16 января 1987 года (целую эпоху назад) Михаил Петрович приехал в Академгородок. Империя еще не рухнула, и Литературный клуб Дома ученых имел возможность приглашать писателей из любого города. Кажется, приезжал Карен Симонян (Ереван), Теодор Гладков (Москва), Марк Сергеев (Иркутск), Михаил Карбышев (Томск), члены редакции знаменитого журнала «Химия и жизнь» (Москва) – Ольгерт Либкин и Михаил Гуревич с примкнувшим к ним писателем Виталием Бабенко.

Было морозно, дул жесткий ветер. Люди собирались неспешно.

«Мартович, – сказал Михеев, расхаживая на фоне черной доски, вмонтированной в стену Малого зала. – Давай спустимся в столовую и выпьем кофе. – И, как человек в высшей степени обязательный, предупредил: – Если даже никто не придет, я выступлю перед тобой.» – Вынув изо рта крошечную трубку (на моей памяти он ни разу ее не раскурил), он заметил: «Брехт утверждал, что детектив нужно писать весело».

Это он уже отвечал на вопрос, почему перестал писать фантастику.

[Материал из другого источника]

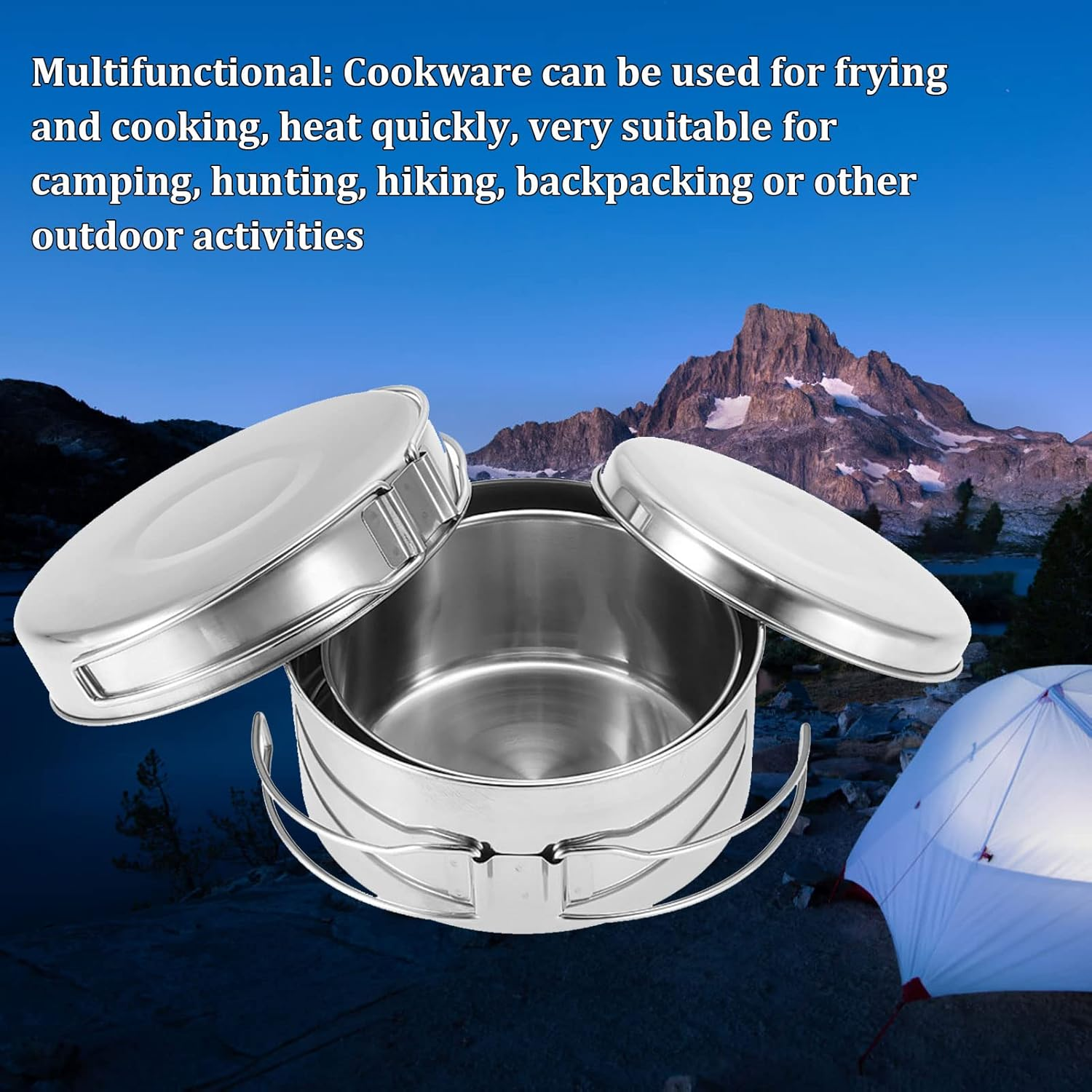 Camping Pots Pans, 4 Pieces Portable Stainless Steel Cookware Set Camping Picnic Outdoor Pan Pot Plate Tableware image number 4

«Не хватает знаний, Мартович, – объяснил он уже в столовой. – Фантастику должны писать люди, разбирающиеся в науке. Фантастику всегда писали люди, разбиравшиеся в науке. Не знаю, как у иностранцев, но у нас в основном так. Обручев – геолог, Сергей Беляев – медик, Ефремов – палеонтолог, Казанцев – инженер, Днепров – физик, младший из Стругацких – астрофизик. Чтобы писать фантастику, надо иметь научный склад ума, а я всего лишь электрик. Я умею возиться с техникой, но и все, не больше. Когда в фантастику придет очень много электриков и кондукторов, она превратится в нечто иное. И вообще, Мартович, в наше время милицейские сюжеты людям понятнее философских. Да и как я могу писать фантастику, если ничего не смыслю в науке? Перед Ефремовым, Мартович, я даже робею. Это, по-моему, уже даже и не фантастика. Это просто очень умный человек разговаривает с тобой, из воспитанности предполагая. что ты знаешь столько же. А я столько не знаю. И словарик изобретенных им терминов помочь мне ничем не может. Если честно, Мартович, я самым позорным образом очень многого не понимаю из того, что написано в „Туманности Андромеды“.